JOHN MCLAUGHLIN: The alliance lives on. For more than half a century, the Kingdom of Saudi Arabia and the United States have had a special relationship. That relationship is based on oil. America needs it. The Saudis are willing suppliers. Today new stresses are putting that relationship to the test: terrorism, Israel’s realignment of the peace process – some say disengagement from it – the nuclear standoff with Iran, turmoil in Iraq, and Mr. Bush’s push for democracy, which may stabilize the region or de-stabilize it. Can the US-Saudi relationship stand the strain? We’ll ask Saudi Arabia’s former chief of its General Intelligence Directorate and currently the Kingdom’s ambassador to the United States, Prince Turki Al-Faisal. Mr. Ambassador, welcome.
PRINCE TURKI AL-FAISAL: Thank you very much.
MCLAUGHLIN: Thank you for coming to the show.

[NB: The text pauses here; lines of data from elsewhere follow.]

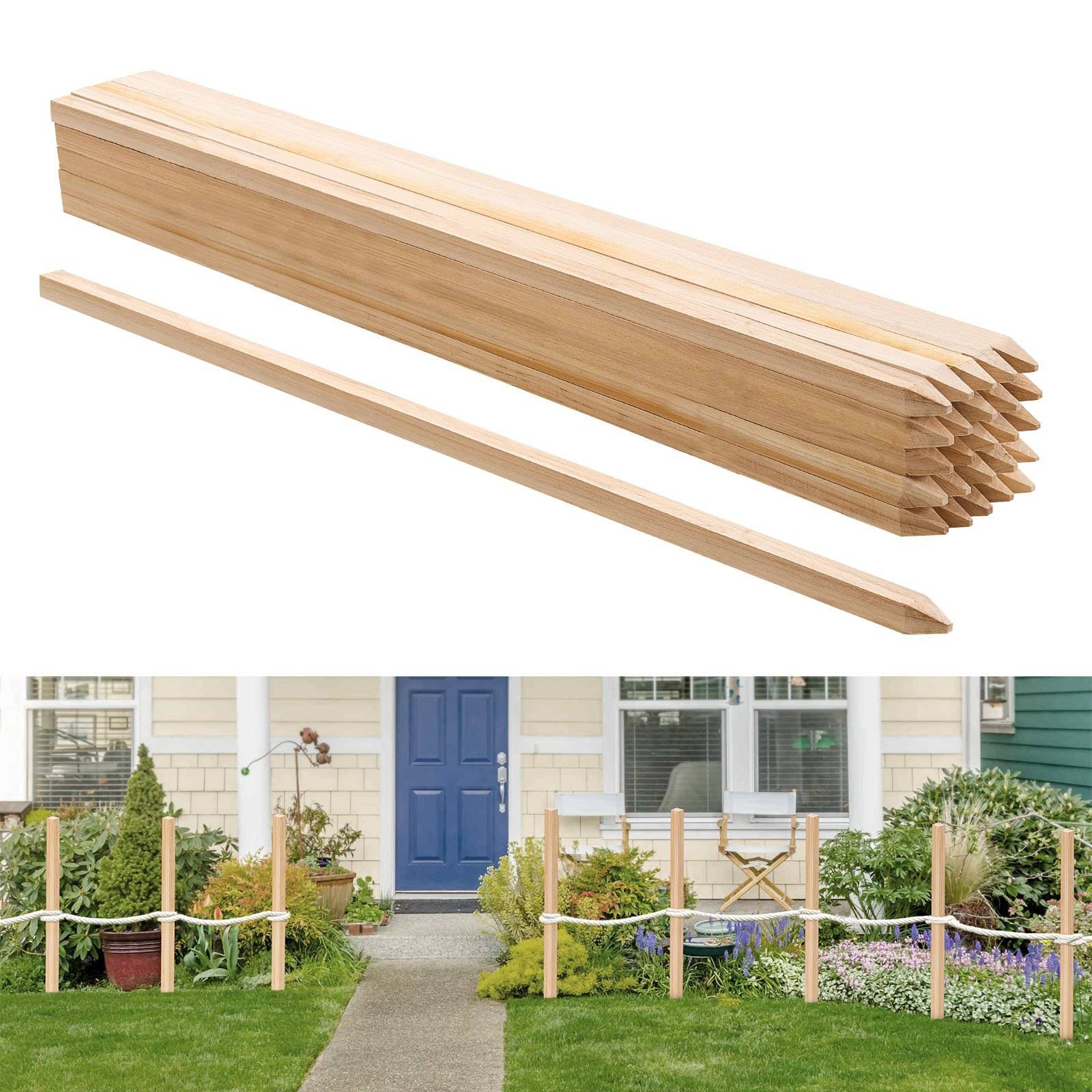 Holzpfähle und Seilzaun, die verwendet werden, um einen vorderen Hoffgarten und einen Gehweg in einem Einfamilienhaus in einem Vorort zu begrenzen.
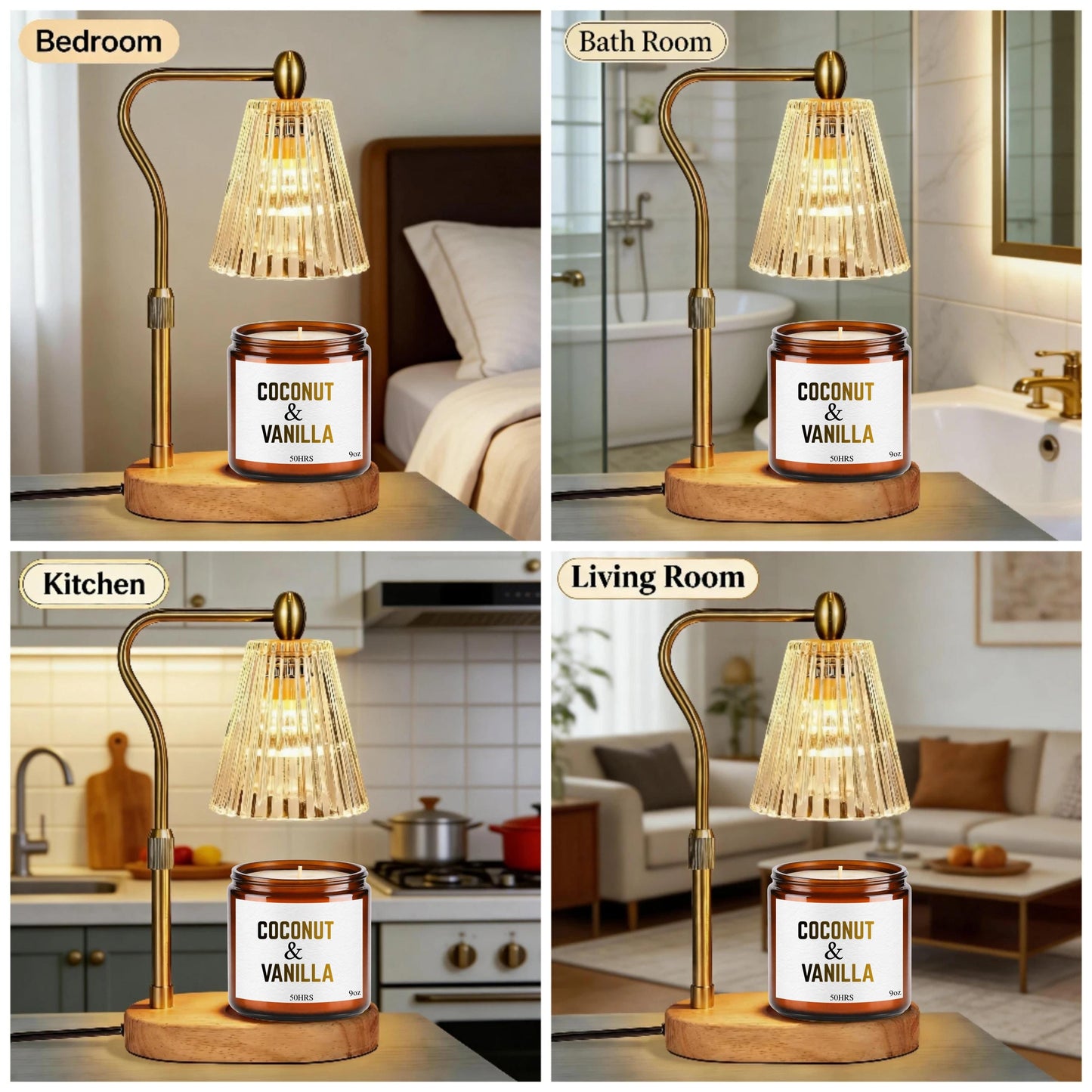 Dimmable Candle Warmer Lamp with Timer, Adjustable Candle Warmer Lamp with Candle & Wick Trimmer set, Custom Name Wedding Gift for Her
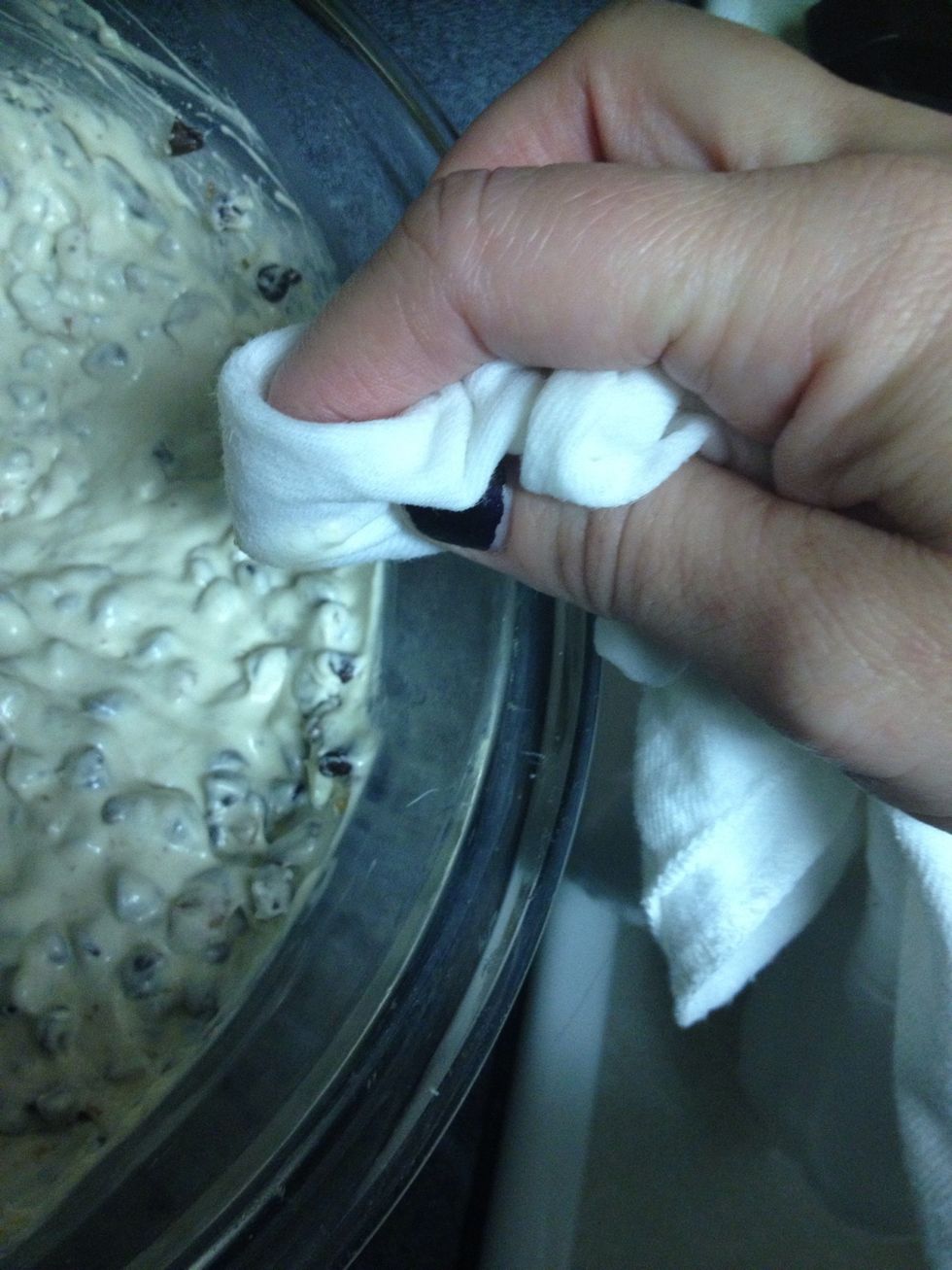 Wipe the edge of the bowl to remove splatters of dip from the edge.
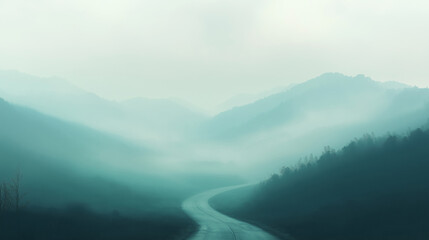 Naklejka premium A foggy road cutting through a mountainous landscape, barely visible in the distance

PRINCE TURKI: Pleasure to be here.
MCLAUGHLIN: A new audiotape from bin Laden surfaced this week. It claims that Zacarias Moussaoui, the so-called 20th hijacker who is now serving a life sentence at a federal maximum security prison in Colorado, had nothing to do with the 9/11 plot. Why do you think Osama bin Laden sent this audiotape to address this particular matter?
PRINCE TURKI: I think there are probably two reasons why: One is to show that he is aware of current affairs and that he can comment on them; and two, to show that he is in charge of issues like the terrorist activity that Moussaoui was supposed to have been a party to – the attacks on the Twin Towers and the Pentagon.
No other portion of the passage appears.